Your copy should match the records exactly, except that no pictures appear in it.

*** Input material Section Begins ***

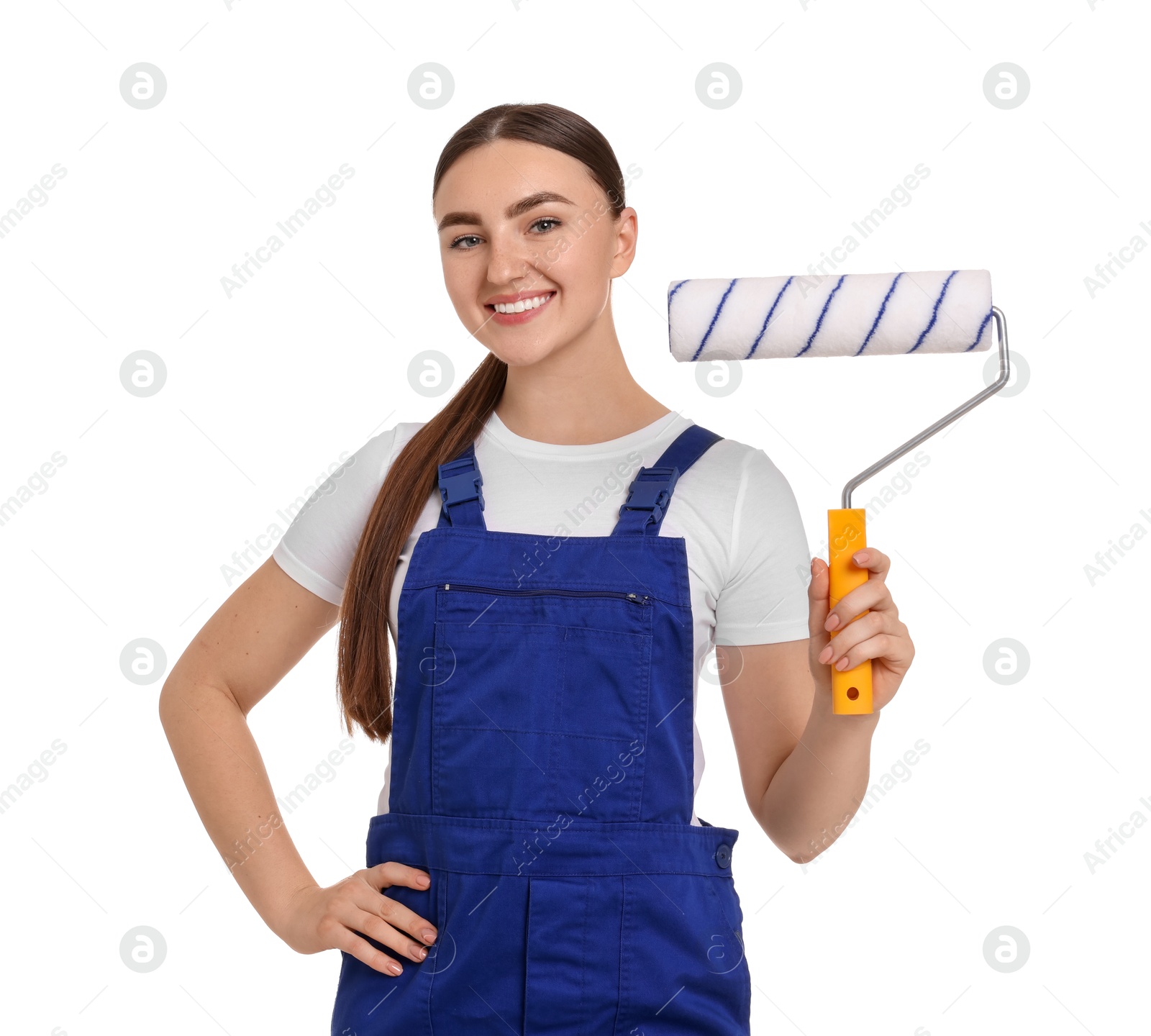 Photo of Portrait of young decorator with paint roller on white background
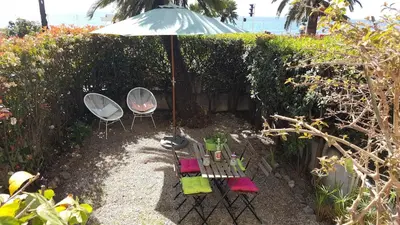 a patio with a table and chairs under an umbrella at Stunning flat with sea view & garden on Promenade dA in Nice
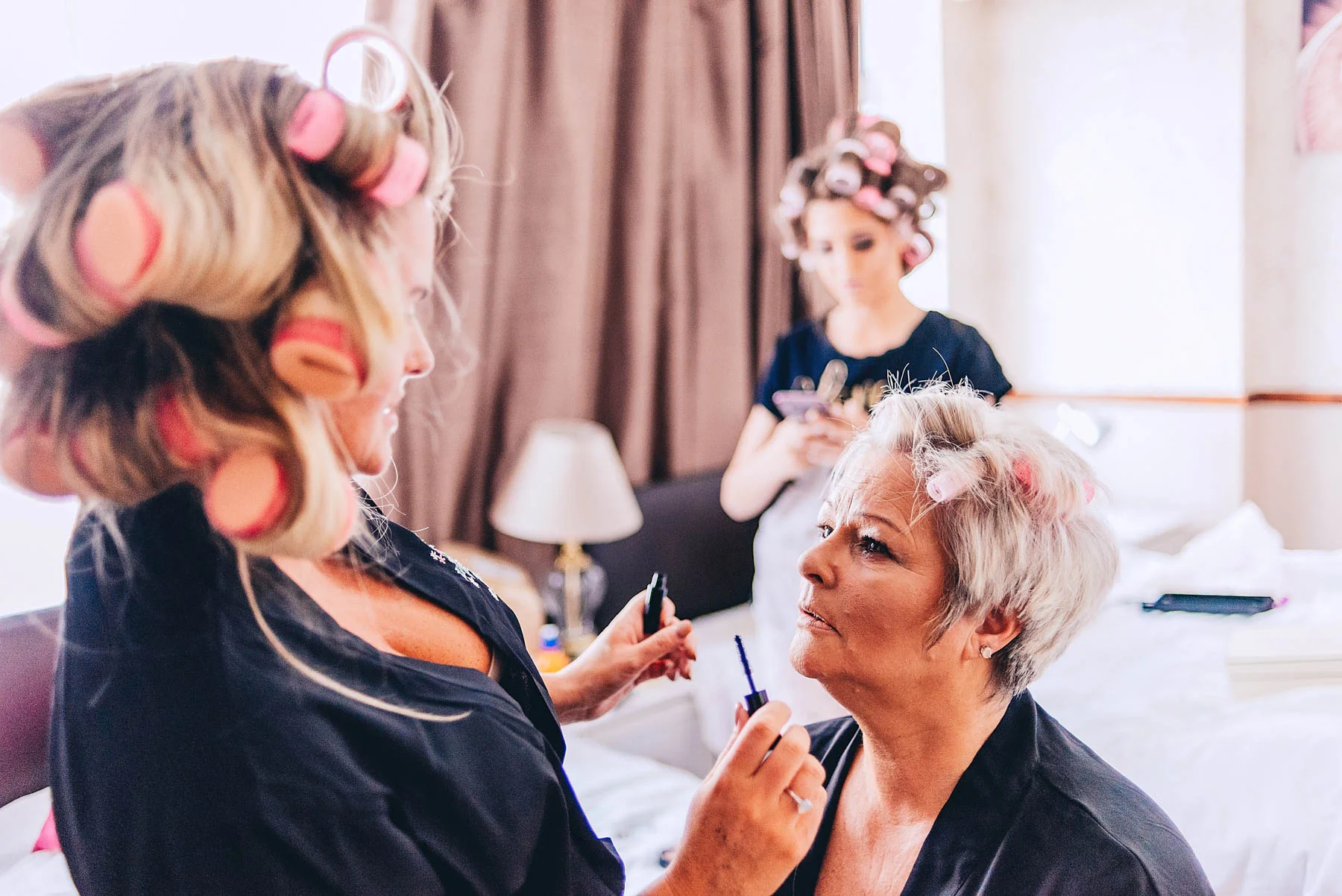 Bride getting makeup applied in the morning
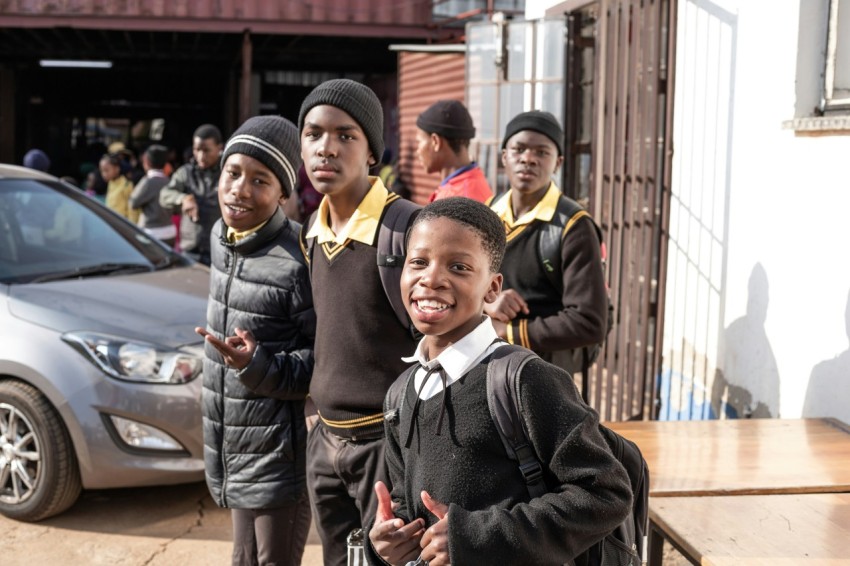 a group of young boys standing next to each other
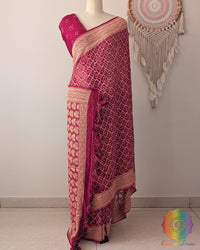Deep magenta Khaddi georgette Banarasi Bandhani saree on mannequin showing full drape and handcrafted tassels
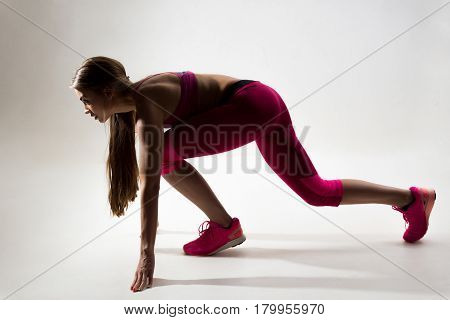 A Woman Dressed In Sportswear Prepared To Run. Studio. White Background.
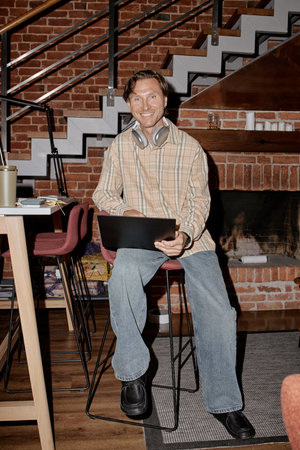 Portrait of middle aged Caucasian man sitting on high chair holding laptop and wearing headphones...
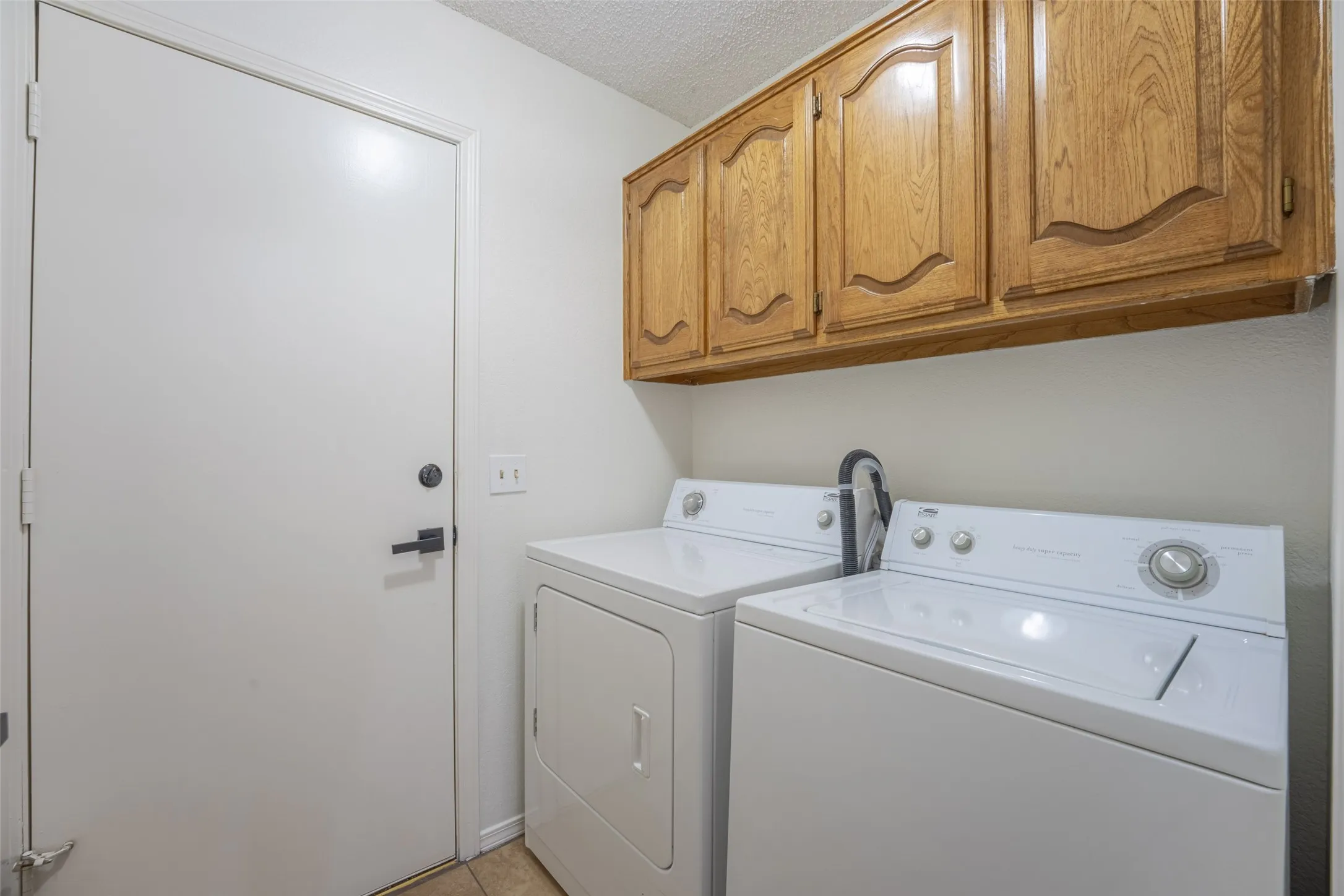 Laundry area featuring wood-finish cabinetry, tile flooring, and a solid core door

*** Input material Section Ends ***

■ Answer for this exercise:
 Photo of Portrait of young decorator with paint roller on white background
 a patio with a table and chairs under an umbrella at Stunning flat with sea view & garden on Promenade dA in Nice
 Bride getting makeup applied in the morning
 a group of young boys standing next to each other
Deep magenta Khaddi georgette Banarasi Bandhani saree on mannequin showing full drape and handcrafted tassels
 A Woman Dressed In Sportswear Prepared To Run. Studio. White Background.
 Portrait of middle aged Caucasian man sitting on high chair holding laptop and wearing headphones...
 Laundry area featuring wood-finish cabinetry, tile flooring, and a solid core door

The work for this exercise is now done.